● **TASK ITEM**: After locating the line with "WWE_RAW_2017_12_18_720p_HDTV_x264-Ebi_mp4_008154538.jpg" in the data that follows, return it and every later line exactly, up to and including the line with "Khadija3 webcam".

● **INFORMATION**:
-------------------------
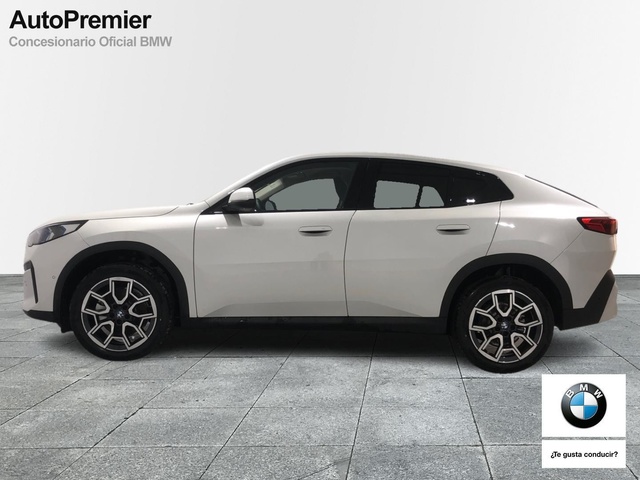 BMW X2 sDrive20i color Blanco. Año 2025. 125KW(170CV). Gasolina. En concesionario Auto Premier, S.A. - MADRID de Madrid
-------------------------
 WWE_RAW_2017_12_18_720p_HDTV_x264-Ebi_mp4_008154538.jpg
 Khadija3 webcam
-------------------------
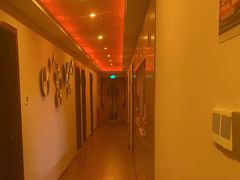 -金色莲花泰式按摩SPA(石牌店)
-------------------------
● **ANSWER SPACE**:
 WWE_RAW_2017_12_18_720p_HDTV_x264-Ebi_mp4_008154538.jpg
 Khadija3 webcam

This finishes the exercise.